Tech stocks have had a good year. And according to one expert, the sector could be on its way to new all-time highs by the end of this year.
Technical analyst Todd Gordon, founder of TradingAnalysis.com, says the charts of some of the biggest names in tech indicate a breakout is on the way.
“You’re seeing the semis, measured by the [Semiconductor VanEck ETF] SMH, make new highs. You’re seeing large-cap tech like Microsoft (NASDAQ: MSFT) just below highs. You’re seeing Facebook (NASDAQ: FB) act better. You’re seeing Apple (NASDAQ: AAPL) at new highs,” Gordon said to CNBC. “So, I’m seeing a lot of good things in technology.”
Apple shares are up 49% so far this year, and reached a new all-time high last week. Facebook, after a difficult 2018 following the Cambridge Analytica scandal, is up 45% year-to-date. And Microsoft is up nearly 38% so far this year, and is just 2% below its all-time high.
The tech sector as a whole has already been outperforming the rest of the market so far this year, with the XLK—the S&P 500 Info Tech Sector SPDR—up by nearly 32% year-to-date, compared to the S&P 500’s 19% gain.
But while what happened to tech stocks this time last year is still fresh in the memories of many investors, Gordon says stocks are about to head higher.
“All we’ve seen is a market that’s gone sideways and weather a lot of bad news” both on the fundamental side for stocks as well as on the political and trade front, Gordon said. “I think the market’s held in extremely well and I think it’s time to finally push higher.”
According to Gordon, the XLK—which tracks 68 of the market’s biggest tech stocks by market cap—is making higher lows and lower highs, indicating “indecision” in the market on the group. But Gordon says that, despite this indecision, the sector is headed for a meaningful breakout.
“It seems to be that if earnings are strong, we should be able to continue higher,” Gordon said, pointing out that the XLK has a floor of support between $77 and $78, which is just above its 200-day average.
“If the momentum is going to carry us higher, then we should have no problem reaching the higher $80s,” Gordon said. “There’s a reasonable shot we should be able to get up to the $88 mark, and if we break down, if earnings season does not go well and we get some bad news on the political front, we might even see as low as $76. So, I think we’re going to push higher, up towards that $88 mark.”

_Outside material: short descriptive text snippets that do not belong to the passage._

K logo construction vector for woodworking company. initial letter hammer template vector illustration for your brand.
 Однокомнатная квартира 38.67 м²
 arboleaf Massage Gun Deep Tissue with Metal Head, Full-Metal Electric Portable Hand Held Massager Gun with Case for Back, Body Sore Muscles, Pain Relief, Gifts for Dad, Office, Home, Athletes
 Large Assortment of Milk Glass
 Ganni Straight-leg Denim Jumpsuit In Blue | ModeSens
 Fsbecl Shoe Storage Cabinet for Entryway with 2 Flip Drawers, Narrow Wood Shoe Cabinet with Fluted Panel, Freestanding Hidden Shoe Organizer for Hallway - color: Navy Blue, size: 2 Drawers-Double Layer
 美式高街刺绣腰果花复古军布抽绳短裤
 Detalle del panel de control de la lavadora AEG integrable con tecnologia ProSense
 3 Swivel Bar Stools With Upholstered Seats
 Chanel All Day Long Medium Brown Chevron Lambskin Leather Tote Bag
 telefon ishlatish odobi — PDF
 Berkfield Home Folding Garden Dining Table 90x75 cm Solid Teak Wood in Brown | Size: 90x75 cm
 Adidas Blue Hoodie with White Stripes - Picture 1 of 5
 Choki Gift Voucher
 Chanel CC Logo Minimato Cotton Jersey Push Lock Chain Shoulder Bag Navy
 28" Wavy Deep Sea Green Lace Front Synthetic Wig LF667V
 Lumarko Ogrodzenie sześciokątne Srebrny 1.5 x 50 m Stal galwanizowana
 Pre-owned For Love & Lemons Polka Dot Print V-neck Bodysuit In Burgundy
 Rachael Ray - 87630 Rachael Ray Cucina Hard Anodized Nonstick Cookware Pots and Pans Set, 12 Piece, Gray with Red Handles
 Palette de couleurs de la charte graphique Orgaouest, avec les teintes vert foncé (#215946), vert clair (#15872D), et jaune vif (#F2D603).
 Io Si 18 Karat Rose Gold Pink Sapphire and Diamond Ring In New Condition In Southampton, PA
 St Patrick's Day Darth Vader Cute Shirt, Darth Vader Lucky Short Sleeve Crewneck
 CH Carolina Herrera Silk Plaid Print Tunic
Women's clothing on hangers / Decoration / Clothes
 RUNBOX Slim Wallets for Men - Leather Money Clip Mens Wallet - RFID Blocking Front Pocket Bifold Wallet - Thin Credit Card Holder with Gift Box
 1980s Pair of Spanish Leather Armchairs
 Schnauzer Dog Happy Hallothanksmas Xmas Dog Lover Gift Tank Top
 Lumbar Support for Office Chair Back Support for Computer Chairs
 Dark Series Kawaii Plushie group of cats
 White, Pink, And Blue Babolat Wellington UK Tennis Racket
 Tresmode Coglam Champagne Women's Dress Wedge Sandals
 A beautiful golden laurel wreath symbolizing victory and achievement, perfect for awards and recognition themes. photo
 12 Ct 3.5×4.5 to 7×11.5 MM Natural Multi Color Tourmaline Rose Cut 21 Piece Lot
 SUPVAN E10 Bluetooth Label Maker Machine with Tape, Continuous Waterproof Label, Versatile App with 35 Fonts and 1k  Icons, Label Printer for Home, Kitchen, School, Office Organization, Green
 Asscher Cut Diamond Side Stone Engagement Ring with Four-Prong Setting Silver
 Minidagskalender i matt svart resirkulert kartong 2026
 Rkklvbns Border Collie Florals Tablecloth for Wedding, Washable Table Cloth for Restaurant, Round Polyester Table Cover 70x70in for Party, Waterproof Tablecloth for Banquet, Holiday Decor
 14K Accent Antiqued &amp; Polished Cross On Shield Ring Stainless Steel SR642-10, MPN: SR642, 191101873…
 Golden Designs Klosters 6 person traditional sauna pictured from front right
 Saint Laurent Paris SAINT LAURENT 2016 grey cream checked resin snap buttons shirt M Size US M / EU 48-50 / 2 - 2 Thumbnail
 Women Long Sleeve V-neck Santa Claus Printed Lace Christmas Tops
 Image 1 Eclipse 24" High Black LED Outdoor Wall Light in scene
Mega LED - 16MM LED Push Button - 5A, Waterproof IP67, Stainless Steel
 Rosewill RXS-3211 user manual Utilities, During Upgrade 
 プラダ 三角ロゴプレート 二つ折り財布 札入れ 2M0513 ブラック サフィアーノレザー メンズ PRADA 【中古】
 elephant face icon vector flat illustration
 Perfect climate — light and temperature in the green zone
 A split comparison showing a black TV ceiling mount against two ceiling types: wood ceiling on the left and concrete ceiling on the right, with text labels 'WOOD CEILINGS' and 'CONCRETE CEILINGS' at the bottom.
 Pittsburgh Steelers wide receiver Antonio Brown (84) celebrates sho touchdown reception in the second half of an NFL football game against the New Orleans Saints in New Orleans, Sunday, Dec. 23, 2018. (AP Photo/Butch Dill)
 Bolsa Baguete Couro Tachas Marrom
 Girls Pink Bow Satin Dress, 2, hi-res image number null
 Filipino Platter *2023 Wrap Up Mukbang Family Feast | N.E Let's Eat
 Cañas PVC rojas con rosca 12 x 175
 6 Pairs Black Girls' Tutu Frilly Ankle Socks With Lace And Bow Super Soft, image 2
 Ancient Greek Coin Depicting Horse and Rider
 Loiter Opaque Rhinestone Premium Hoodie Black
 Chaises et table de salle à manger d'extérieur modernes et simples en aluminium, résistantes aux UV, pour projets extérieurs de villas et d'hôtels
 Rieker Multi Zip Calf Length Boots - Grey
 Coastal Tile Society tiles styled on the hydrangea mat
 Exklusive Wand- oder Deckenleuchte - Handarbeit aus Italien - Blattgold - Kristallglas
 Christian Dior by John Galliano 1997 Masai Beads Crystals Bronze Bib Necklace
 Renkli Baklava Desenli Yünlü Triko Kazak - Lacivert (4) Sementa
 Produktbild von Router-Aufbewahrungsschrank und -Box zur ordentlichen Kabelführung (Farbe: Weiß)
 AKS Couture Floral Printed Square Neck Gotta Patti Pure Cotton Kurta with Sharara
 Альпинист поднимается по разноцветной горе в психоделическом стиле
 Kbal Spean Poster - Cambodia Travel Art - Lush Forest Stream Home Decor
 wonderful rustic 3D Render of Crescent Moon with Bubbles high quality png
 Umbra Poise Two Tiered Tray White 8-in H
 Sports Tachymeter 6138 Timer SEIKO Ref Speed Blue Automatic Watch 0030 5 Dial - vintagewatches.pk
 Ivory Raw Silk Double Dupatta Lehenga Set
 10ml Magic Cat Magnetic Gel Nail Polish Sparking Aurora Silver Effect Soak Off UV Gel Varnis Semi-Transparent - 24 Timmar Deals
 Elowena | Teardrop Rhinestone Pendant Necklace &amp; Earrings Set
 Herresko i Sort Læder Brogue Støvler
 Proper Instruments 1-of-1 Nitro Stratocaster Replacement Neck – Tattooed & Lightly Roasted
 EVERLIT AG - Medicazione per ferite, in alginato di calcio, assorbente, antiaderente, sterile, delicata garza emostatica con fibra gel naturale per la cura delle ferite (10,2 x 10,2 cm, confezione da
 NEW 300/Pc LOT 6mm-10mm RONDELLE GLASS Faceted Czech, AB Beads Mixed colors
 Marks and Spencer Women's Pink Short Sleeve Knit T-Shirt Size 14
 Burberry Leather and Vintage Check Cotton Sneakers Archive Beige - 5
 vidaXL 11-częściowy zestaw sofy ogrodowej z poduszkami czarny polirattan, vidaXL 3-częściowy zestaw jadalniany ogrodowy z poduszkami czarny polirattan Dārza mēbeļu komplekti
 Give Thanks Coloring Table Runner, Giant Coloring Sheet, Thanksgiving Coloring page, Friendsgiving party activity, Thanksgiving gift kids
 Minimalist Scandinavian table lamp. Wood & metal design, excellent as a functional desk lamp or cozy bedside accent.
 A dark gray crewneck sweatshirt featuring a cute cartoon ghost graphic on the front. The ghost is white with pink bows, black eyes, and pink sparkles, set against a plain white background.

The $88 level is 7% above where the XLK is now, and would be a new all-time high for the ETF.
Gordon said one way to profit on the possible move would be to set up a call spread by buying the $83 monthly call options expiring in December, and selling the $88 December monthly call options, a $5 spread that costs $2.
“That means we’re risking $2 to make $3,” Gordon explained. “We shouldn’t have to risk the entire $2; if the trade is not working and we’re starting to see the market roll over, we should be able to recover this call spread at about $1. So, I’m risking about a dollar, or $100 per call spread.”